Di dalam ruang invetory sistem terlihat Mei Lin dan Jiu Wei saling berhadapan satu sama lain dan juga terlihat senyuman tipis dan penuh kemenangan dari Jiu Wei.
"Cih... apa kau mengira akan benar-benar akan menang dariku hanya gara-gara satu ekormu yang baru saja tumbuh.?"
"Kita lihat saja dasar burung licik.."
ucap Jiu Wei lalu mengeluarkan 9 ekornya kembali kali ini dia tidak menahan dirinya lagi dan akan bertarung dengan semua kemampuan yang dia miliki.
Mei Lin yang melihat itu langsung melapisi dirinya menggunakan api merah darah miliknya lalu melesat kearah Jiu Wei.
Ketika mereka akan bertabrakan dengan cepat Jiu Wei langsung menghilang secara tiba-tiba yang membuat Mei Lin sangat terkejut dengan hal itu.

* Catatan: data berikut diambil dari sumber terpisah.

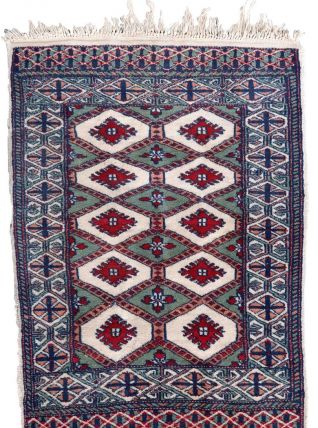 Tapis vintage Ouzbek Bukhara fait main, 1C997
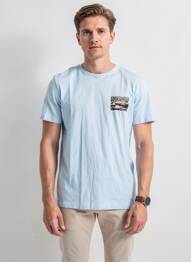 T-shirt bleu JACK & JONES homme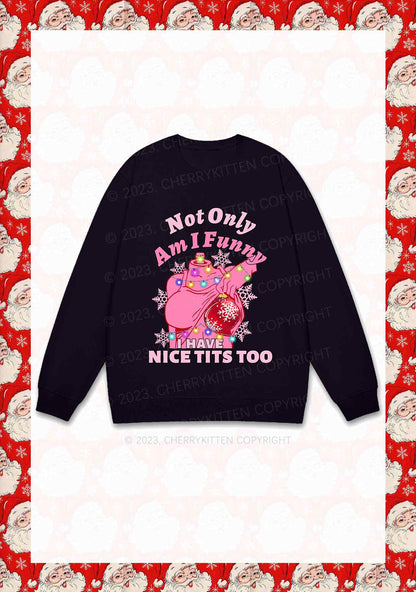 I Have Nice Dots Too Christmas Y2K Sweatshirt Cherrykitten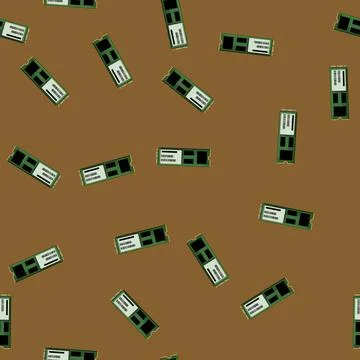 Seamless pattern drive ssd storage cartoon vector Stock Illustration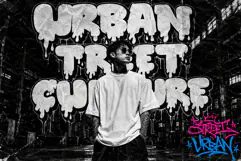Hexitags Webfont Dripping Graffiti Display Font | Bold Urban Product Image 5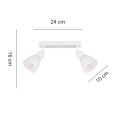 Spot Malta 2xE14 biała LP-877/2W WH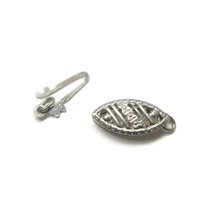 Fishhook Clasp 14K White Gold 1/2 Inch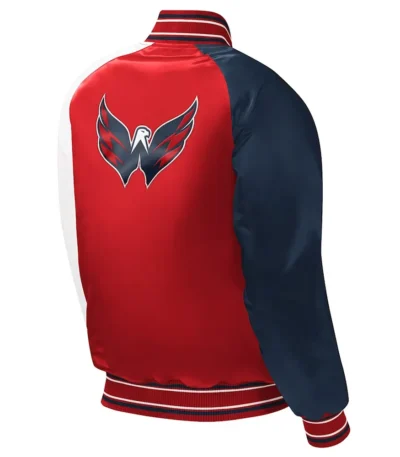 Washington Capitals Youth Varsity Satin Jacket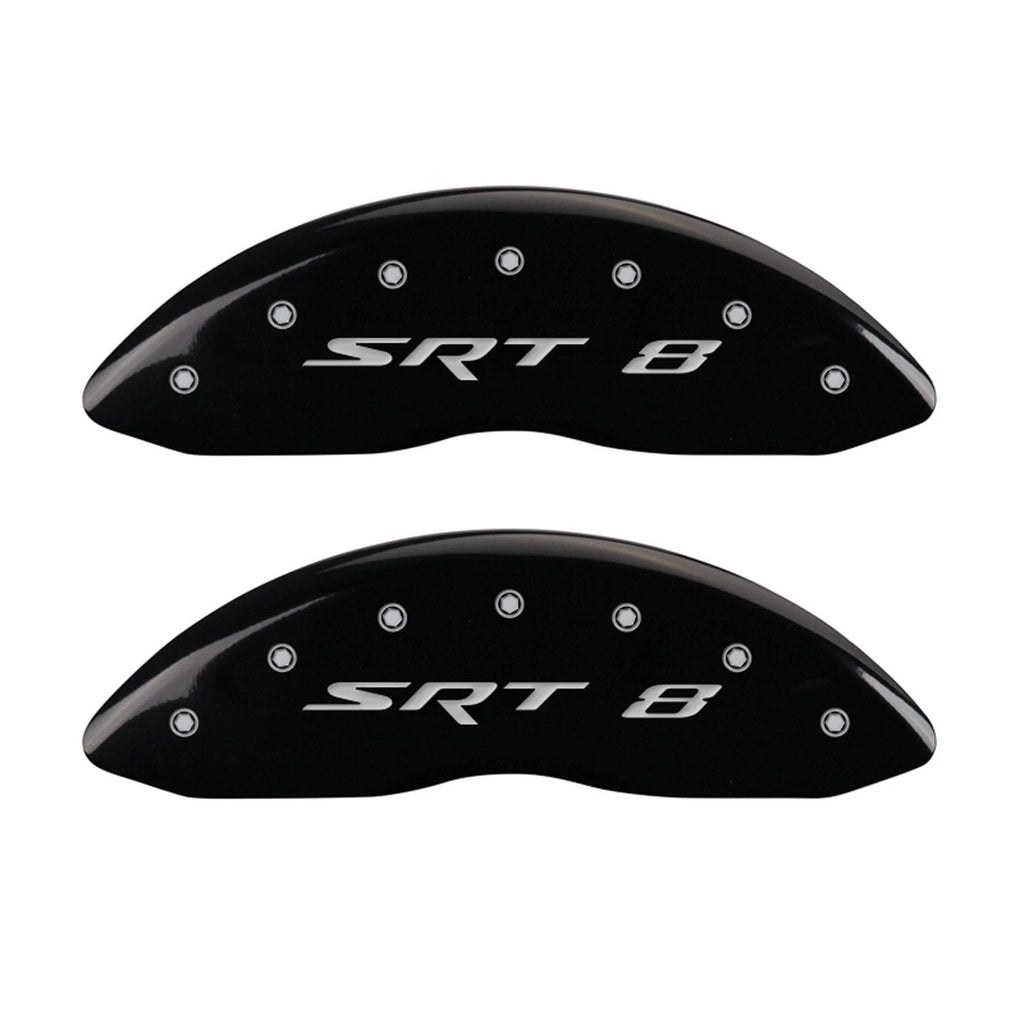 Caliper Covers Front Pair for 2012-2014 Chrysler 300 SRT8 (Black)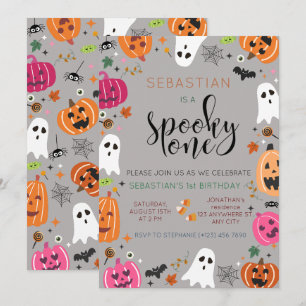 Invitation Anniversaire éffrayant d'un Halloween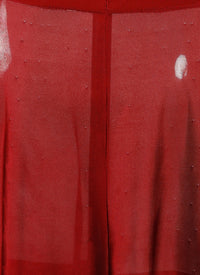 Sheer plain short skirt - Madder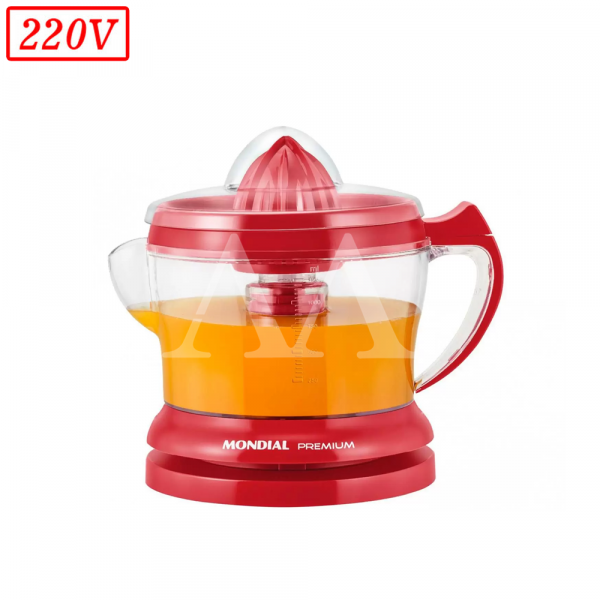 ESPREMEDOR DE FRUTAS MONDIAL PREMIUM E-23 220V VERMELHO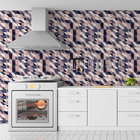 Papel De Parede Adesivo Geométrico Jovem N06182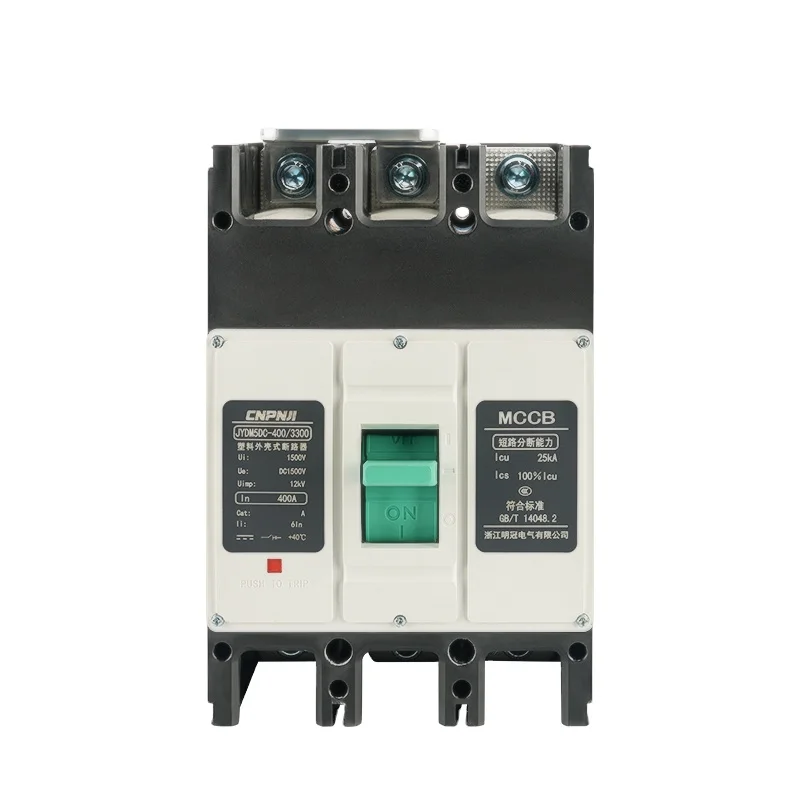 Китай PV литые автоматические выключатели 3 полюса DC1250/DC1500V 225A/250A/315A/350A/400A amp MCCB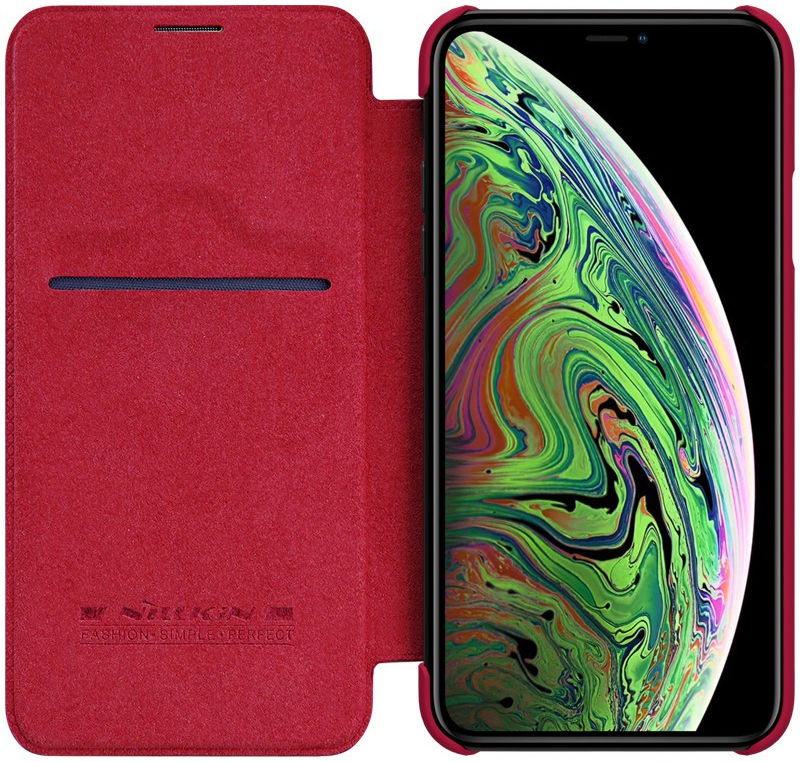 Nillkin Qin Book Apple iPhone 11 Pro Max Hoesje Rood afbeelding 1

Dan tiba-tiba saja Jiu Wei muncul dibelakang Mei Lin lalu mengarahkan 5 bolah elemen yang berbeda jenis dari kelima ekornya saja.
Boomm.......
5 bola elemen itu langsung mengenai Mei Lin dengan sangat telak sehingga terjadi ledakan yang sangat besar ditempat itu.
Mei Lin terjatuh mengenai tanah dan menimbulkan kawah yang sangat besar.
Jiu Wei yang tidak puas dengan hal itu langsung mengeluarkan 8 bola elemen berbeda dari 8 ekornya lalu mengarahkanya pada kawah yang merupakan tempat Mei Lin terjatuh tadi.
Boomm....
Boomm.....
Ledakan terdengar dengan sangat keras dan juga kawah itu semakin dalam dan membesar.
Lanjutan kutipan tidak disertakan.